Question Your Theory
Anyone can scribble out a plausible theory of change (aka ‘impact strategy’ or ‘logic model’), even one that includes the three essential components: (1) a definition of the target population, (2) a description of the near- and long-term outcomes, and (3) the programs, services, or experiences they will provide. Good social sector scientists go beyond what’s plausible to grapple with what is and isn’t reasonable based on available data. The next time you’re developing a theory of change, take the time to:
- Feign Ignorance – Even if you really have been there and done that, use all the evidence you can to inform and test your strategy. Whether you simply interview a few potential beneficiaries or do a meta-analysis of the research literature, gather whatever evidence you can to guide your thinking.
- Acknowledge Your Assumptions – Look back through your strategy while asking questions like: “Am I sure X will lead to Y?”, “What if this piece of the puzzle isn’t right?”, and “What else might be necessary for success?” Making assumptions explicit will expose design flaws and encourage intentional learning over time.
Measure to Prove and Improve
Once you have a data-driven theory of change on paper, treat it like any other theory—as a hypothesis to be tested. This is where measurement comes in. But resist your evaluators’ instincts to jump straight to methodologies and metrics. First, decide what you need to know to (a) prove (or disprove) that each of the elements works as expected and (b) improve how effectively your initial outcomes result in ultimate success for all participants. For example, what data will you need to answer ‘prove’ and ‘improve’ questions like the following?
- Are we serving the ‘right’ population? What else can we learn about who they are, what they value, and the challenges they face? How can we more effectively attract and/or select the ‘right’ people?

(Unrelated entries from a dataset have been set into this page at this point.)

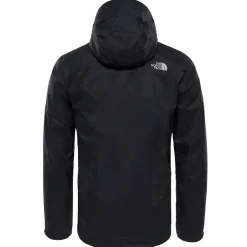 Outlet The North Face  Evolve II Triclimate 3-in-1 outdoor jack heren  black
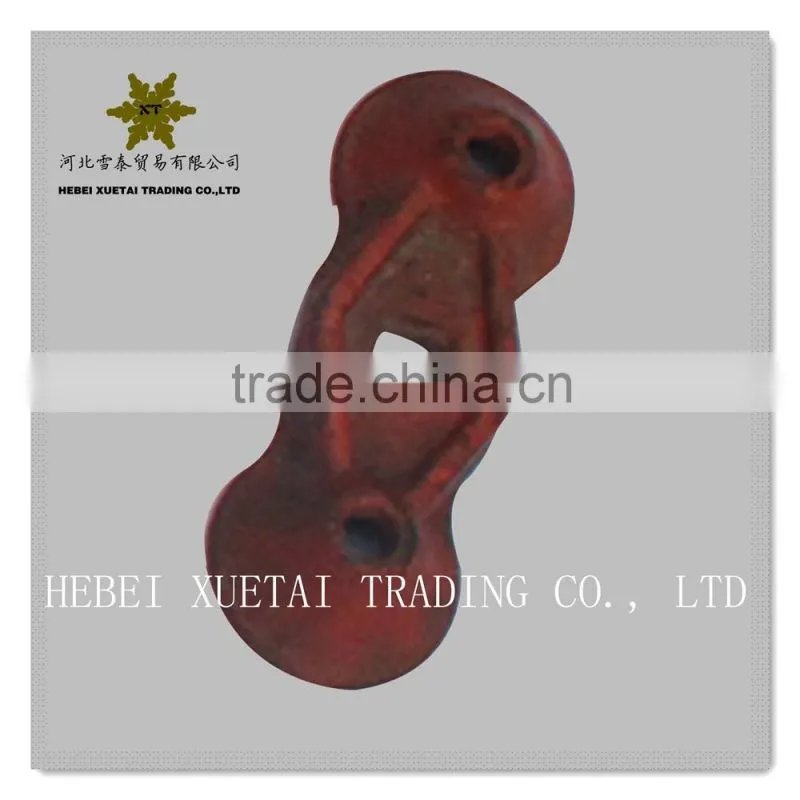 saddle type pin for Combine Harvester (Yenisey-1200)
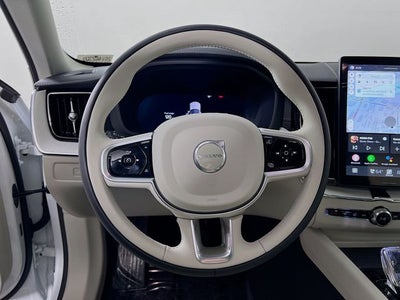 2026 Volvo XC60 Plug-In Hybrid T8 Ultra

- Did we achieve the near-term, intermediate, and ultimate outcomes we hoped for? What explains the variance in outcomes among participants?
- Did we deliver the program elements we wanted in a consistent, high quality manner? Which program elements correlate most with positive outcomes?
Once you’ve connected measurement with a disprovable theory, identifying appropriate evaluation indicators is straightforward—just identify one or more metric for each piece of your strategy. You’ll still have to prioritize which measurement questions you’ll start with, and then decide what methods you’ll use to collect, review, and analyze the data. This takes skill, time, and resources. But the work is clearer and the benefits greater when measurement is driven by a desire to prove and improve a detailed impact strategy.
Implement Like an Engineer
Lofty theories and intentional measurement are important, but what really matters is performance. Or at least performance and, over time, performance improvement. Meaningful improvement happens naturally when funding or program activities are viewed primarily as an experiment meant to test a theory, and when you have data that addresses the various components of the theory. You’re already asking the “Did it work?” and “How can we improve?” questions. Though change is never easy, good leadership and organizational awareness regarding the answers to these questions will make it easier for people throughout the organization to innovate and improve.
For decades, most work in the social sector has been dominated by matters of the heart—what people believe and care about. That’s one of the sector’s greatest attributes and shouldn’t be ignored or erased. But to solve social ills, belief and passion need to be combined with headier approaches that question everything, use data to drive success, and constantly look for better solutions.
 After decades of experimentation and expansion with microfinance, for example, the movement involving billions of dollars and hundreds of millions of people has resulted in mixed, negative, controversial, and even tragic outcomes.
 A tell-tale sign of this mentality is equating activity with impact. If your evidence of impact is akin to the number of microloans repaid or students taught or wells dug, think again. Those are indicators of activity, not social change.